Sporting event delegation

Flag of Jersey

Jersey competed in the 2010 Commonwealth Games held in Delhi, India, from 3 to 14 October 2010.

Thirty-one athletes were named in the team after original nominees Mariana Agathangelou and Elizabeth Cann elected to compete for England instead.

==Aquatics==

===Swimming===

Team Jersey consisted of 1 swimmer.

Ian Black

==Archery==

Team Jersey consisted of 2 archers.

Micheal Coward, Lucy O'Sullivan

==Athletics==

Team Jersey consisted of 2 athletes.

Zane Duquemin, Kathryn Rothwell

==Badminton==

Team Jersey consisted of 2 badminton players.

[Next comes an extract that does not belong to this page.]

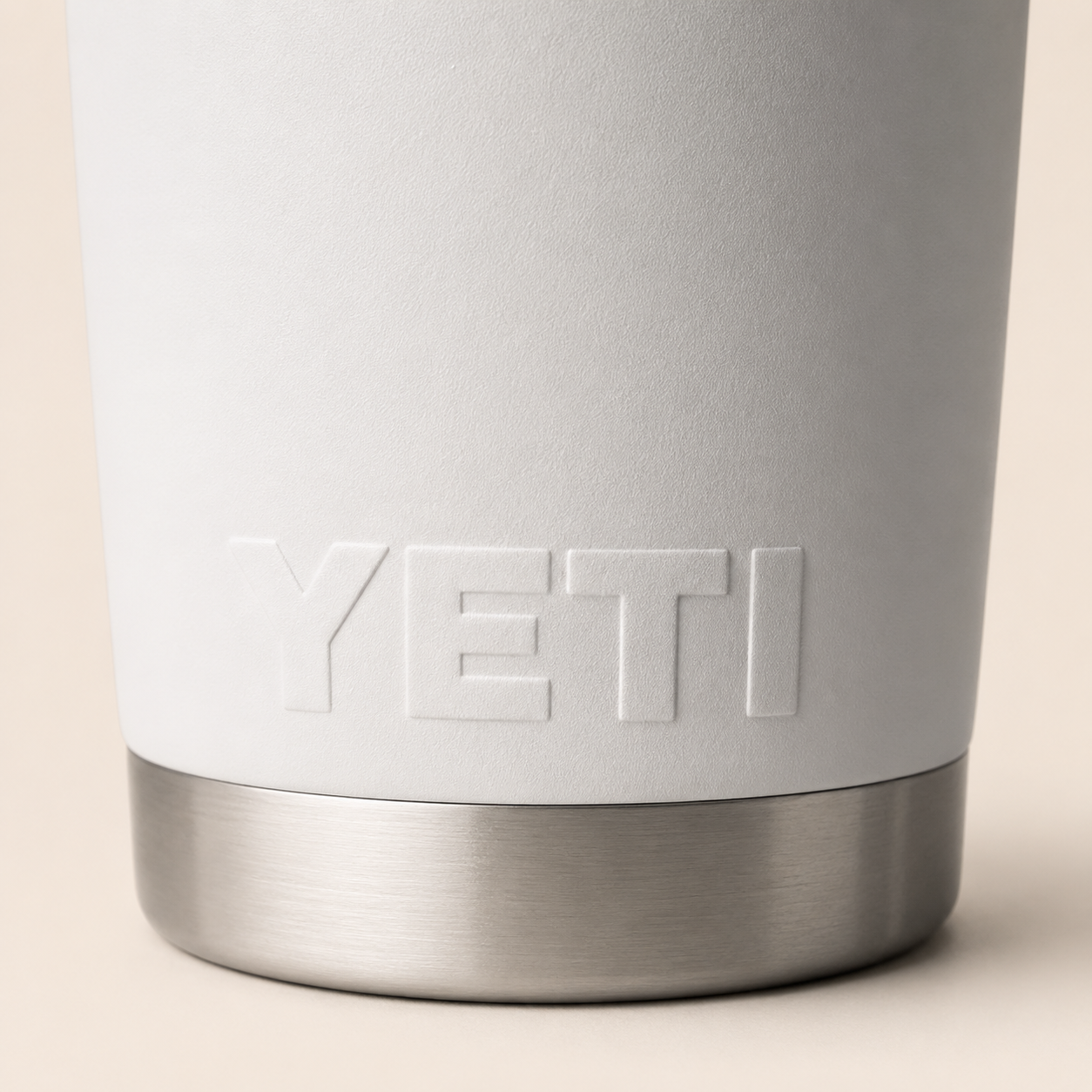 Termo Premium Tipo YETI 20 oz – Blanco y Negro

Kimberley Ashton, Solenn Pasturel

==Cycling==

Team Jersey consisted of 3 cyclists.

Robin Ovenden, Chris Spence, Richard Tanguy.

==Lawn Bowls==

Team Jersey consisted of 12 lawn bowls players over 6 events

Men: Cyril Renouf, Derek Boswell, Allan Quernard, Malcolm De Sousa, John Lowery, Michael Rive.

Women: Sue Noel, Christine Grimes, Helen Greechan, Karina Bisson, Rachel Macdonald, Joan Renouf.

==Shooting==

Team Jersey consisted of 6 shooters.

Bruce Horwood, Daniel Richardson, Steven Le Couilliard, Marc Yates, Andrew De La Haye, Mary Norman.

==Squash==

Team Jersey consisted of 3 squash players.

Kate Cadigan, Jeannine Cowie, Michael Hopkins.